There is one good thing about Delta. Trees. Lots of them, which means lots of shady little nooks a skinny guy can squeeze into, or slip behind. Those nooks are my best chance of getting out of the city unseen. Once I’m in the bush I’m good. They’ll have to send the army after me and I’ll already have a good head start.

Socca and I head back towards the palace compound. The guards see us coming round the back of the library, and give me a good long lecture about compromising security. I nod and apologise and swear that I thought they were right behind me. There’s nothing they can say to that – they should have been right behind me – so as usual they drop it and follow me home.

The palace compound is big, as far as compounds go.

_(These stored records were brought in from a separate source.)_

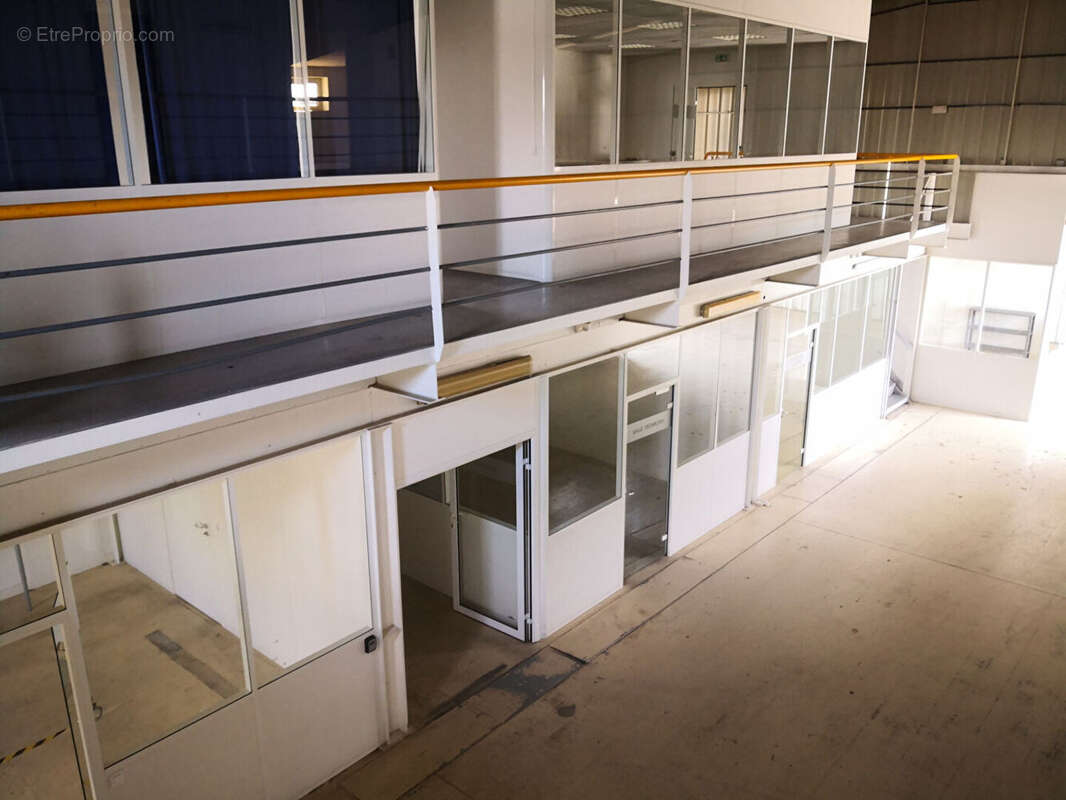 Commerce à LA FARLEDE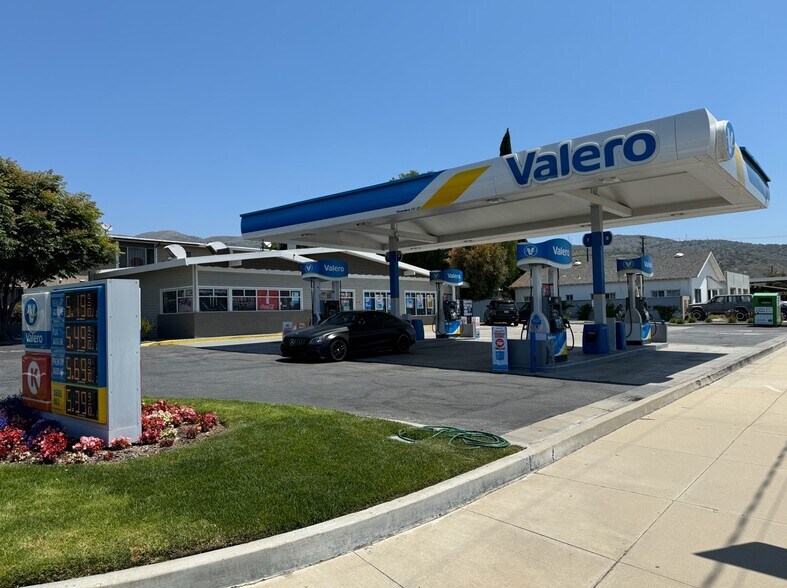 423 Ventura St, Fillmore, CA à vendre - Photo du bâtiment - Image 2 de 17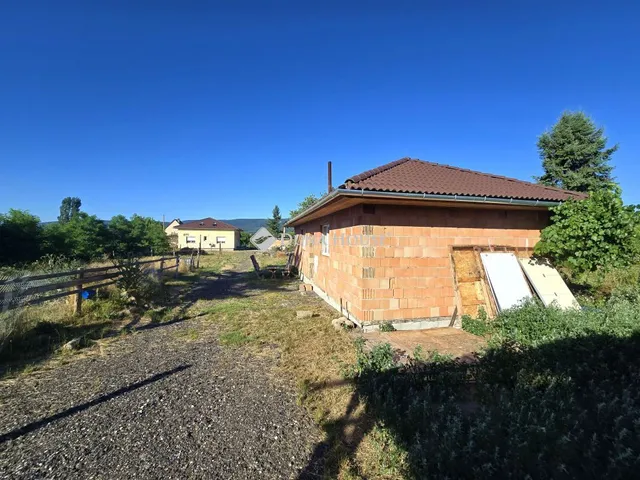 Eladó ház Vértesszőlős, Szőlősi dűlő 103 nm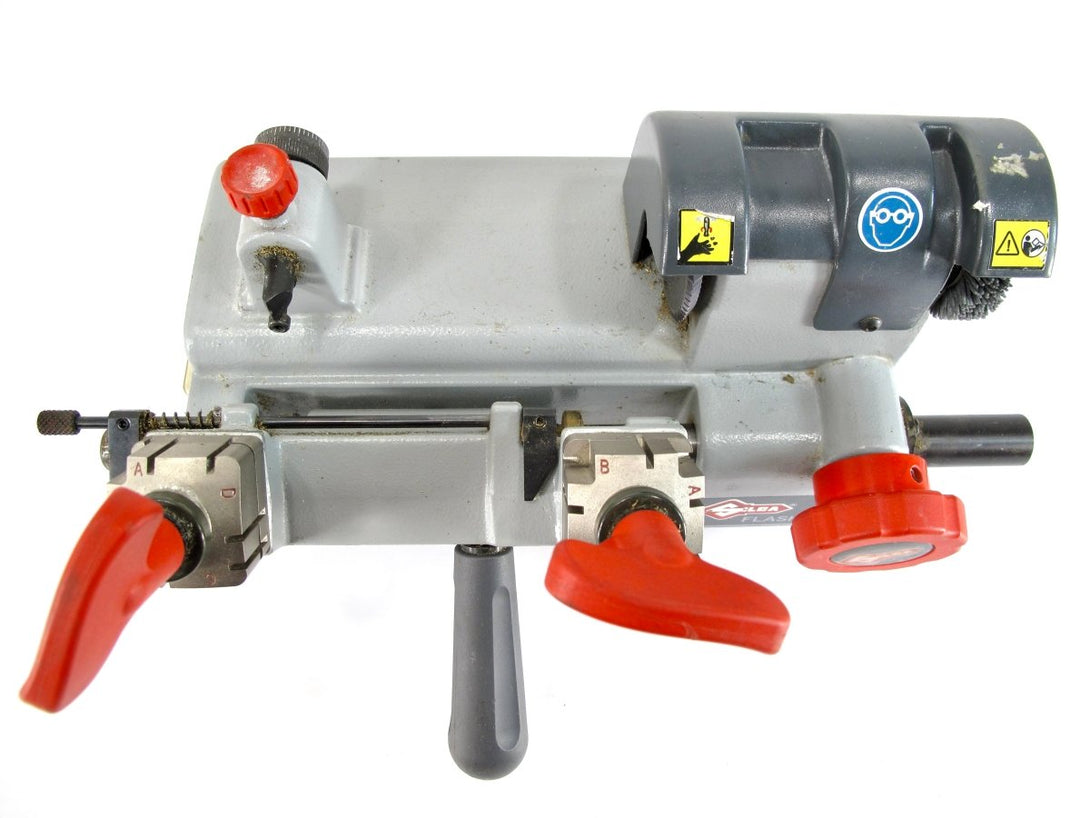 Ilco Silca Flash 008 Manual Key Machine - ZeereeZ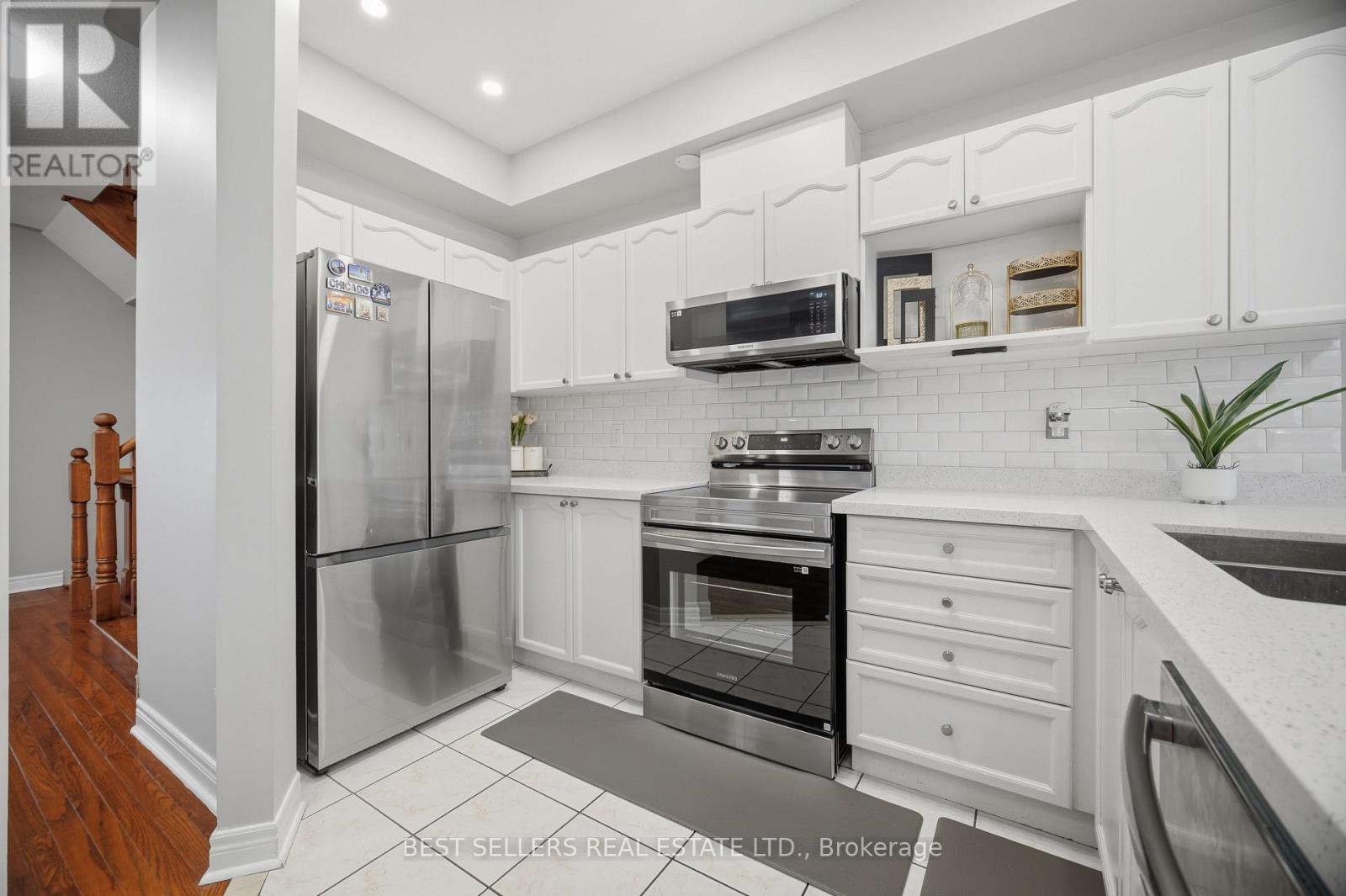 3252 Sunlight Street, Mississauga, ON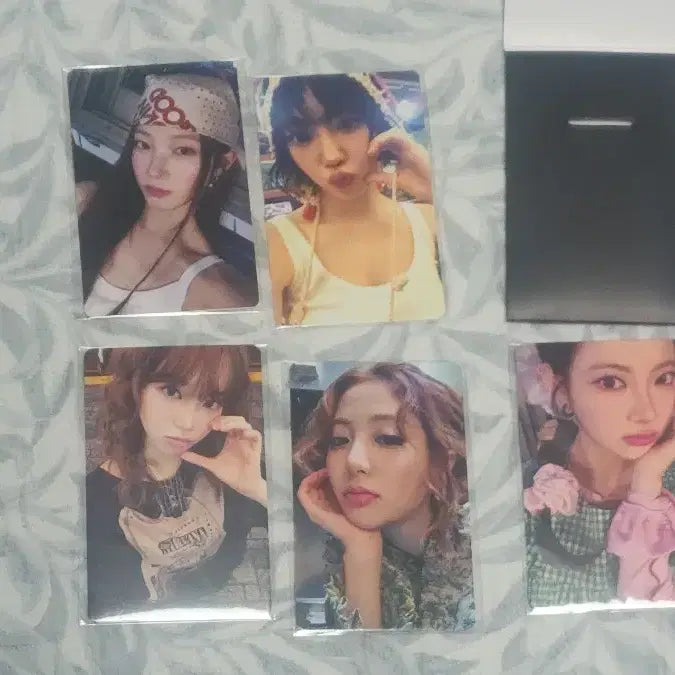 르세라핌 맘스터치 미개봉 포카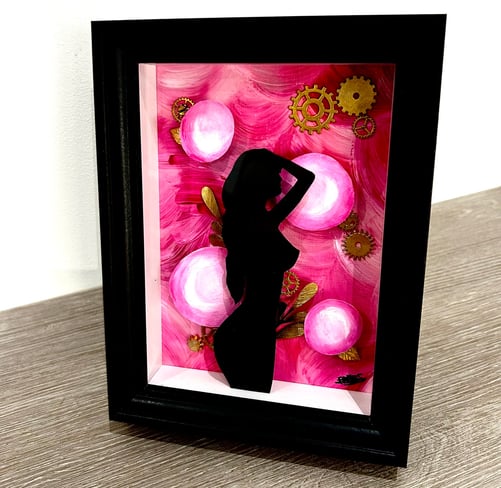 Ilona Paris tableau en diorama de rose moteur, une silouhette de femme sur fond rose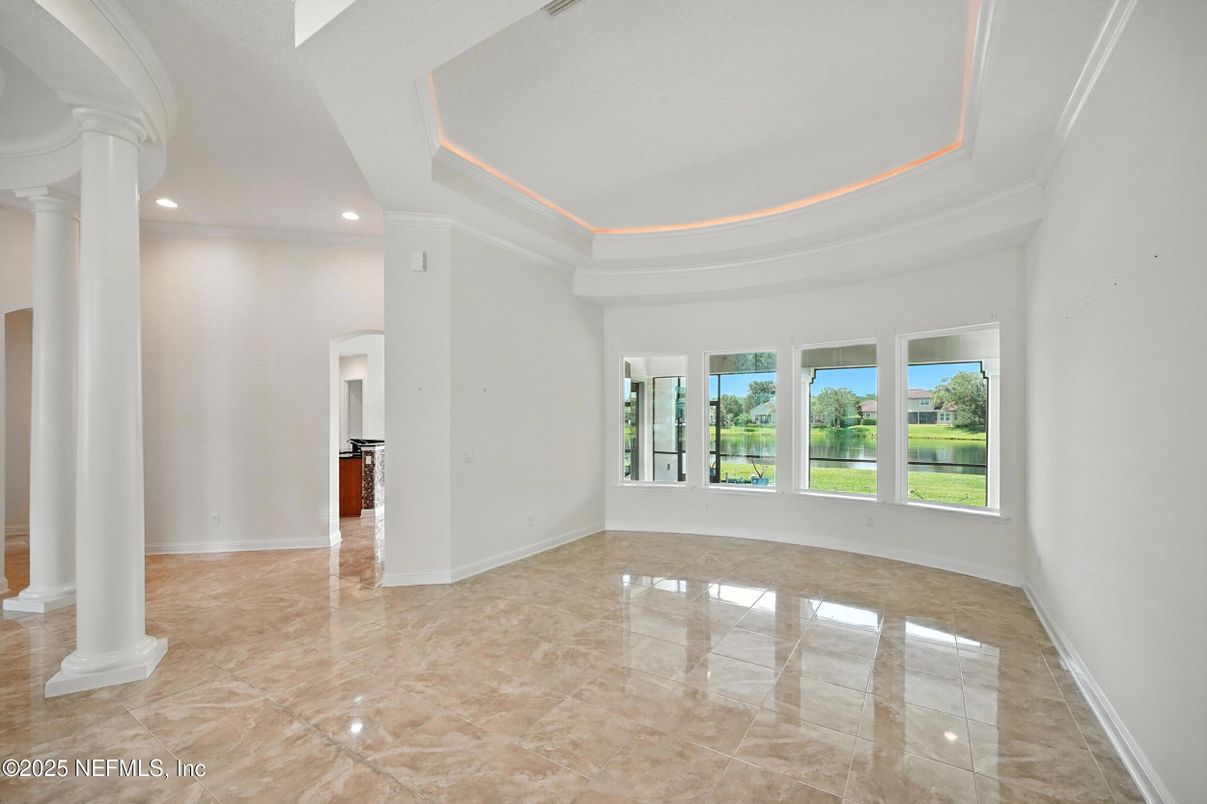 Empty room, Interior, Recessed Lighting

Seven rondavels in total. One for the kitchen and laundry room, one for the dining room, TV room and lounge, one for the Kgosi’s quarters, one for the Head Queen’s quarters, one for the secondary queens’ quarters, one for the servants’ quarters and one for the throne room, where the Kgosi welcomes important guests.

Since Papa has no secondary queens, he and Mama stay in the Kgosi’s quarters, and the Head Queen’s quarters is mine. The secondary queens’ quarters have become a sort of guest room for friends and relatives. In the old days sometimes foreign dignitaries would use those rooms, and all the other wives would stay with the first wife. But now we have five star hotels in the city with special wings for important visitors.

I know. Lucky me – I get a whole rondavel to myself. A big bedroom, my own bathroom and a lounge with a huge screen for movies and video games. More than most kids get. More than most adults, too. I like the privacy, but still – it would have been nice to have someone to share it with. At least I’ve got Socca.

The two of us retreat to my bedroom, where we’ll be safe from the eagle eyes of the public and the security cameras. One guard stands across the corridor, too far to overhear us. I scribble ideas in my notebook as they come to me. Socca sits at my desk, eating my lunch. I can’t eat when I’m anxious. My stomach does funny twisty things that send the food right back up. Socca can eat through anything. He needs the energy – he’s as big as some of the guards and he’s only fifteen.

“You can’t run,” he says between bites. “After today your guards will be extra hard on you. You won’t make it past the palace gate!”
He has a point. My guards probably won’t report me because it’ll make them look bad, but after one of my vanishing acts they’re usually on me like ticks for a week or so. After that they relax a little, just enough for me to disappear once more, and the whole cycle starts again.

“I’ll need a distraction.” I tap the pen against my cheek. “Something to hold their attention while I slip out. Five minutes; ten tops.”

Socca looks doubtful. “What kind of distraction?”

I shrug. “I don’t know. A disturbance in the kitchen, or something. A small fire, or an animal loose in the throne room.”

“As long as I don’t have to be the distraction. You know I’m the first person they’ll suspect when they realise you’re gone.”

“And you’ll tell them you know nothing.”

“What if they torture me?”

I give him a look. “They won’t. They might arrest you, but only for a little while.”

“A little while?” His eyes bulge. “I don’t want to be arrested for a little while!”

“I don’t mean days, man, relax. A few hours. Twenty-four, tops.”

“I’m thinking more like zero hours.”

“Now you’re just being unreasonable,” I tell him, keeping a straight face.

“We’re talking about my life here! You’re saying you can’t handle one day in jail for me? One day? To save me from dying?”

His expression is priceless. His eyes widen and his jaw trembles, like he’s going to cry. He might, too – he’s not shy about stuff like that. “It’s not even like that, K, come on.”

“It’s cool, Socca. I thought we were boys, but…” I shrug and sigh. “Whatever, man. I thought you had what it takes to be a hero, but obviously I was wrong.” I look into the distance, going all deep and serious. “I picked the wrong guy to go into the shadows with.”

There’s an awkward silence as we both register the words.

“That just sounds wrong,” says Socca.

“Ja, OK, but you get where I was going.”

There’s the sound of voices in the corridor and a moment later the door bursts open. Socca turns around too quickly, tipping the plate and spilling gravy down his shirt.